* [Aim of the task]: Once you find the line below that has "e.l.f. SKIN PLZ", output it and every line after it exactly, stopping after the line that has "Ўсмалар. Мезенхимал ўсмалар 3", with no pictures.

* [The records]:
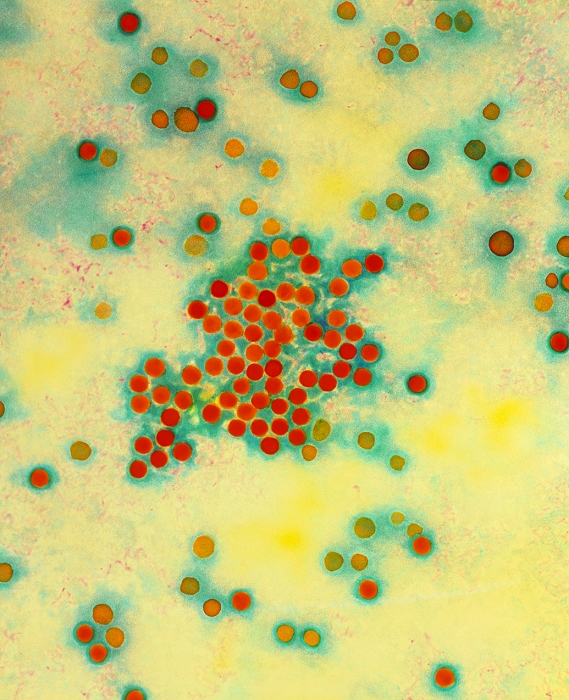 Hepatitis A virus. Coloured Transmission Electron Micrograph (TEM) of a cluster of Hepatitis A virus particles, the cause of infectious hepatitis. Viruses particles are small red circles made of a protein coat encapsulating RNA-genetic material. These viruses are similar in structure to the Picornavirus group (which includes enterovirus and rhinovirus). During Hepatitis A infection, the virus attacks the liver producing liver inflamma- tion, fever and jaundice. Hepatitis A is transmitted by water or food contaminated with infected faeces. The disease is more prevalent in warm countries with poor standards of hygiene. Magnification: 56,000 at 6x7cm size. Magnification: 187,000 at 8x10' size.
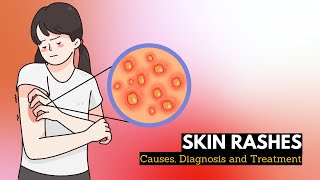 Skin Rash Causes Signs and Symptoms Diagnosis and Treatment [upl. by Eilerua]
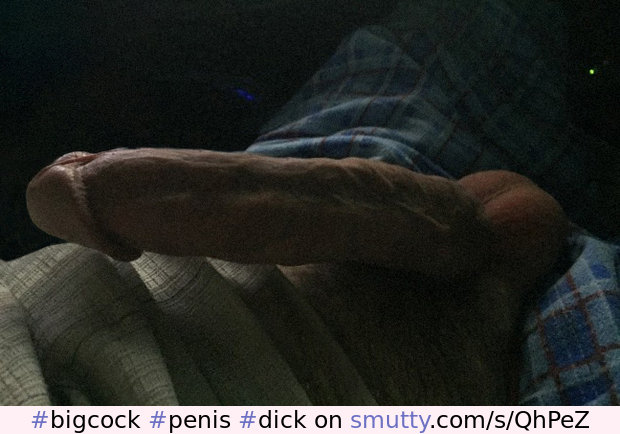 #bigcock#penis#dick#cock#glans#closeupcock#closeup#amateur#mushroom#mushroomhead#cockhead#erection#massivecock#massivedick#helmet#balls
==
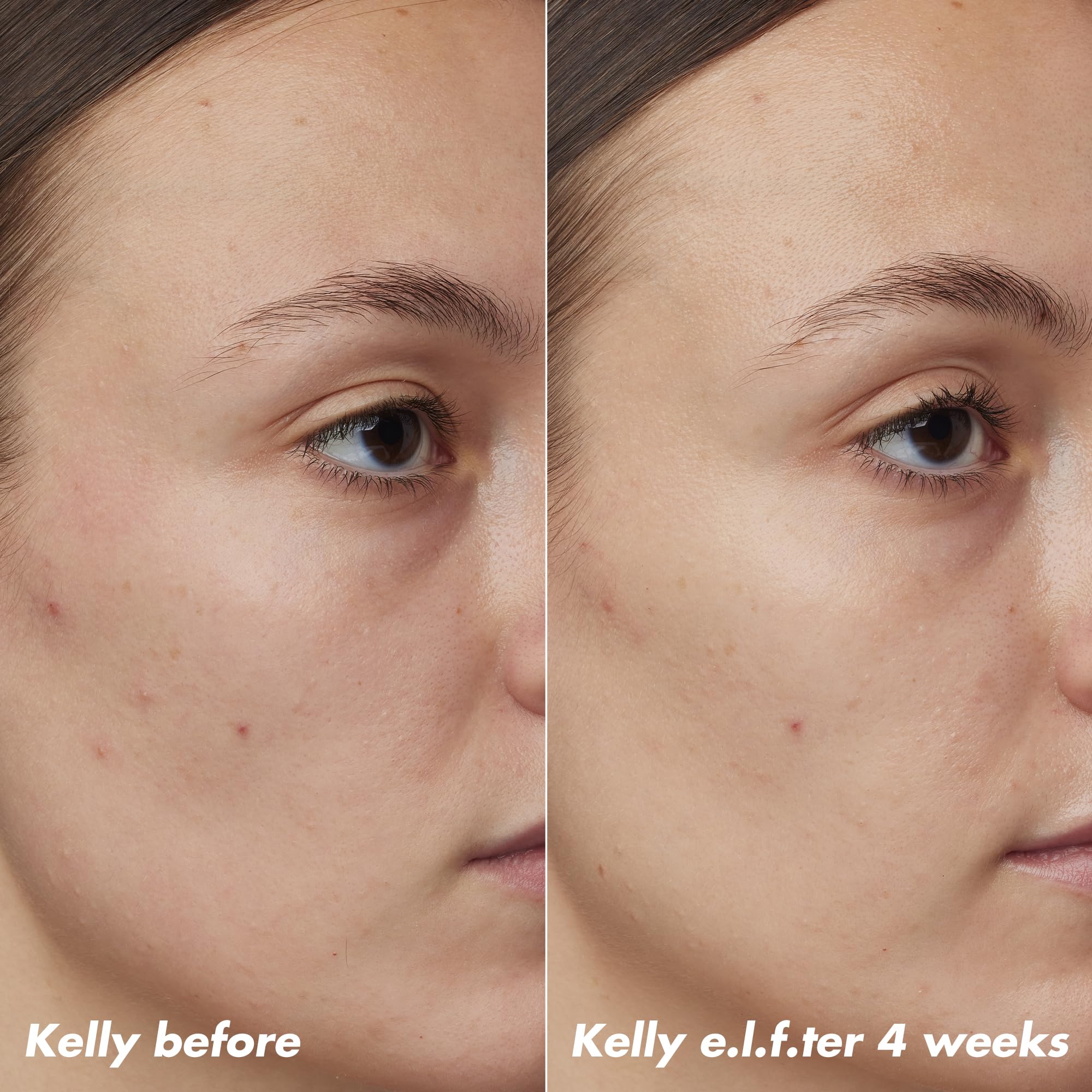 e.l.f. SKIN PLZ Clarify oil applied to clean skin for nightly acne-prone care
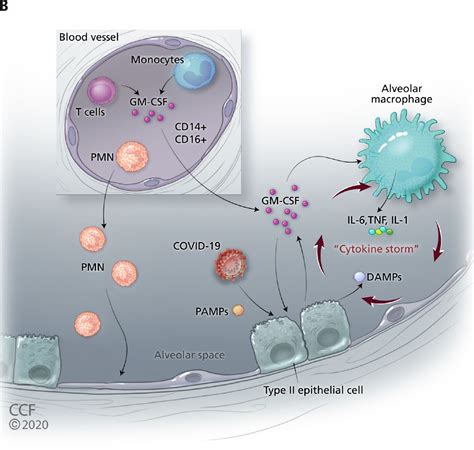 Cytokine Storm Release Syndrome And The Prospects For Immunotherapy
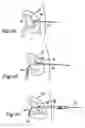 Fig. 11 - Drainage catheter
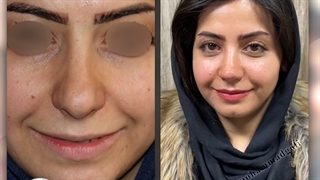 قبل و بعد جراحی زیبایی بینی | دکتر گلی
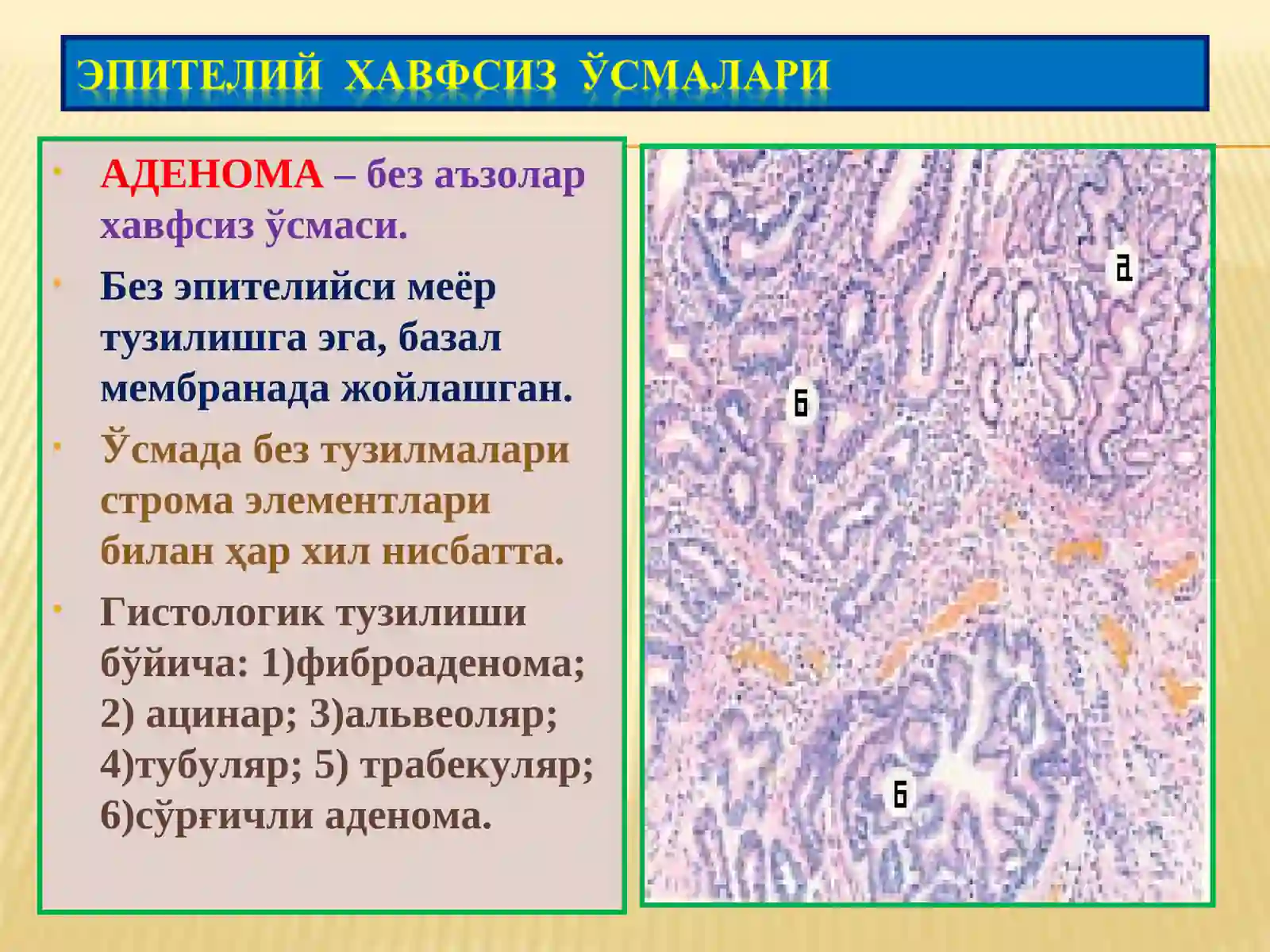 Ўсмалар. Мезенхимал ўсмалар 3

* [Answer box]:
 e.l.f. SKIN PLZ Clarify oil applied to clean skin for nightly acne-prone care
 Cytokine Storm Release Syndrome And The Prospects For Immunotherapy
 Fig. 11 - Drainage catheter
 قبل و بعد جراحی زیبایی بینی | دکتر گلی
 Ўсмалар. Мезенхимал ўсмалар 3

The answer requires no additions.